RECORDS:

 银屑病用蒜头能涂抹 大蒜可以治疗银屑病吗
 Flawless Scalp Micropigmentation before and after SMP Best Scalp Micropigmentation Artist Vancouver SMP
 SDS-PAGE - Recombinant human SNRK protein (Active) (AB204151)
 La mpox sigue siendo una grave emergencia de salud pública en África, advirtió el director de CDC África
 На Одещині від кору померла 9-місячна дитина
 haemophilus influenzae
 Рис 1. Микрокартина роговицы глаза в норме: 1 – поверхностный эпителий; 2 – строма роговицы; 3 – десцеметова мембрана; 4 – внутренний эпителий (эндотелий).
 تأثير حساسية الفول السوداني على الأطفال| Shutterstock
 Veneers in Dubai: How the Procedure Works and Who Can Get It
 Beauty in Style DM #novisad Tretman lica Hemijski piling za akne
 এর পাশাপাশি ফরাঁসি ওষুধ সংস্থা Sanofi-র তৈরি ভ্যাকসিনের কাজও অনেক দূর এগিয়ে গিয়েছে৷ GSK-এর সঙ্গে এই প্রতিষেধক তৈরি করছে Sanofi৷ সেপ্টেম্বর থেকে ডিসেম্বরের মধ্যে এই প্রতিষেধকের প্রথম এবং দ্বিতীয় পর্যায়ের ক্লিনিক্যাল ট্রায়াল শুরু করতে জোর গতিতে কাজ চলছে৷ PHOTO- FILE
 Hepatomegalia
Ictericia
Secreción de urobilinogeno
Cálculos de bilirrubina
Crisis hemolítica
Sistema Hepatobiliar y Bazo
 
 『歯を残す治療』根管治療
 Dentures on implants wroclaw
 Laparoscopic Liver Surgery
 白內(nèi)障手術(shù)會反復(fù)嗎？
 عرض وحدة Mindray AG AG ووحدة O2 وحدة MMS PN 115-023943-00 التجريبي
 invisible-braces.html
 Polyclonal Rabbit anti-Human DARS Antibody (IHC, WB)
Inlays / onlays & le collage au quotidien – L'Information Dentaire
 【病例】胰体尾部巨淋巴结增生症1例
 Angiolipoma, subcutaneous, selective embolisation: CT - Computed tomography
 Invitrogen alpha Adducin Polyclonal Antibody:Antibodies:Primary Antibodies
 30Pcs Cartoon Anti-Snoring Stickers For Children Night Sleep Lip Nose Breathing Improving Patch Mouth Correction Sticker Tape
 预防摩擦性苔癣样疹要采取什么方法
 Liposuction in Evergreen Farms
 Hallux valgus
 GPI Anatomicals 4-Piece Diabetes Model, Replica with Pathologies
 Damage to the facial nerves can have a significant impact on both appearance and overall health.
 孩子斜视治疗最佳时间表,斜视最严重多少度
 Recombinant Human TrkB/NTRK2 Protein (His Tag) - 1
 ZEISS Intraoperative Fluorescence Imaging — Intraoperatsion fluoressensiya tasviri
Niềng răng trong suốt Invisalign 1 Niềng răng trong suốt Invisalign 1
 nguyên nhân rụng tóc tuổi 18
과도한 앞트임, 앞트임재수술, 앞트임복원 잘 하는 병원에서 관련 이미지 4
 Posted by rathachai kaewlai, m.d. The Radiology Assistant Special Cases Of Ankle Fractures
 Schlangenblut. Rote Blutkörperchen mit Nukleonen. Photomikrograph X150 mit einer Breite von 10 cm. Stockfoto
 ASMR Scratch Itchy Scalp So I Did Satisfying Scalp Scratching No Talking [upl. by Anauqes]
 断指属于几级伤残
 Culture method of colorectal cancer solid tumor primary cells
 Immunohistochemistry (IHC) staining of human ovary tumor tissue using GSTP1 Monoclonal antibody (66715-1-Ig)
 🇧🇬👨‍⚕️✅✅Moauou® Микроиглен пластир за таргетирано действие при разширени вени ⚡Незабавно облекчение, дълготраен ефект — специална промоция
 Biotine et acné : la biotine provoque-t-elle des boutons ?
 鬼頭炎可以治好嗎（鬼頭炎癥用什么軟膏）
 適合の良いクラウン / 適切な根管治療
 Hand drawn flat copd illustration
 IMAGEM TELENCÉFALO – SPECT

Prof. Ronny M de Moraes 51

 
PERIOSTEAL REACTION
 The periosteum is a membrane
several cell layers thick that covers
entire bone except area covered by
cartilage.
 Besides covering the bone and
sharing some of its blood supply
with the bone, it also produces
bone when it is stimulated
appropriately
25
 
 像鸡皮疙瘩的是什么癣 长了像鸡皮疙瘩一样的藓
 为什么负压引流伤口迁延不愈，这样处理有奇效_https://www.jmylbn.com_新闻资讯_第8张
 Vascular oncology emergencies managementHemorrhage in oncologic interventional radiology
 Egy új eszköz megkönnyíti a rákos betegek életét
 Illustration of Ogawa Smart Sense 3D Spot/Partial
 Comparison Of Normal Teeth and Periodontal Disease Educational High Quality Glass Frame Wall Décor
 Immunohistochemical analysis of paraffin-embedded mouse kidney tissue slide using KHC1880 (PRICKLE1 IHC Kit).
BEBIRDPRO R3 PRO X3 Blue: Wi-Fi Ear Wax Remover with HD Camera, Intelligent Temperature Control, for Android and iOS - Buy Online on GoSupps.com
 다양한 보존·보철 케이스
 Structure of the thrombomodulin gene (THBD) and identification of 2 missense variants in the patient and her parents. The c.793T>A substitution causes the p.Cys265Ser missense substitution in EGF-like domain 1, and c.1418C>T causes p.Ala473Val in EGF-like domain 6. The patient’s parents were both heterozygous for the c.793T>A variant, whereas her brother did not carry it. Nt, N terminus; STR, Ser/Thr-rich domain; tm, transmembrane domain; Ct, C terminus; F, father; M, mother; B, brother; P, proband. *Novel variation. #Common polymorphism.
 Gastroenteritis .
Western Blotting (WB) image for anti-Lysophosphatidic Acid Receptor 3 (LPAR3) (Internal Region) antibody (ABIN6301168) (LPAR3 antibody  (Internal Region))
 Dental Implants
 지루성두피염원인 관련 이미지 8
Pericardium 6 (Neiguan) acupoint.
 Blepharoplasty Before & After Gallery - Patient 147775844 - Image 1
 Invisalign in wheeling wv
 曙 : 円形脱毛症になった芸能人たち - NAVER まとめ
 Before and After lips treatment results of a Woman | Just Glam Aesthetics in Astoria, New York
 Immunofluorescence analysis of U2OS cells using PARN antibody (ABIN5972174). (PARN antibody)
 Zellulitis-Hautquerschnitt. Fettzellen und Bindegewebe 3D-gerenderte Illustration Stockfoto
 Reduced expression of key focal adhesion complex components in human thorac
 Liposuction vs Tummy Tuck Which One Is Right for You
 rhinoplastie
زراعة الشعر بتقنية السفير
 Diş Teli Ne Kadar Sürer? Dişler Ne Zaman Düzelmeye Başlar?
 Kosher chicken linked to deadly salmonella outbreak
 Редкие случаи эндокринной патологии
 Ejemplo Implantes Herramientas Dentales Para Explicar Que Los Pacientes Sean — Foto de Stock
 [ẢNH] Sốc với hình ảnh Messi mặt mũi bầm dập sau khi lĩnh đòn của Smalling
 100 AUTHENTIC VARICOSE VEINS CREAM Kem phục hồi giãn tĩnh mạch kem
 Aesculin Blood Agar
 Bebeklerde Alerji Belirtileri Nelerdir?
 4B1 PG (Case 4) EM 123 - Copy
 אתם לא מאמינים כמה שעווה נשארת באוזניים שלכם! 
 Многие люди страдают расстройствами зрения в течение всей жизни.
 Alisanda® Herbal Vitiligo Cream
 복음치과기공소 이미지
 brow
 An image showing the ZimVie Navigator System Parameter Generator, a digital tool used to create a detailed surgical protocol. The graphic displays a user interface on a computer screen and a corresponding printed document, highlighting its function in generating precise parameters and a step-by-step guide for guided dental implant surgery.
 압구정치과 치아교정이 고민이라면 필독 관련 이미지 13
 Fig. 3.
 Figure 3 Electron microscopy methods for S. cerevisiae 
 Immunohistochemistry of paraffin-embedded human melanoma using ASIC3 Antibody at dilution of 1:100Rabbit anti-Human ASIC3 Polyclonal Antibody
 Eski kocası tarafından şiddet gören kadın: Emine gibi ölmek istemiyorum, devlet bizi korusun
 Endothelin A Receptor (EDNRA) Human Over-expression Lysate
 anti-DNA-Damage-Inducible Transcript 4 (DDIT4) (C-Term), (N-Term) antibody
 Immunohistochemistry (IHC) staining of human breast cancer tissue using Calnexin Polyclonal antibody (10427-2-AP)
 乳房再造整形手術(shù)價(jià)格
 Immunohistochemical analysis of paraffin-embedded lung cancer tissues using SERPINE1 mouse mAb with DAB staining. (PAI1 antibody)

WHAT TO DO: Scan the material above for the string "Immunohistochemical" and copy every line that has it.

RESULT:
 Immunohistochemical analysis of paraffin-embedded mouse kidney tissue slide using KHC1880 (PRICKLE1 IHC Kit).
 Immunohistochemical analysis of paraffin-embedded lung cancer tissues using SERPINE1 mouse mAb with DAB staining. (PAI1 antibody)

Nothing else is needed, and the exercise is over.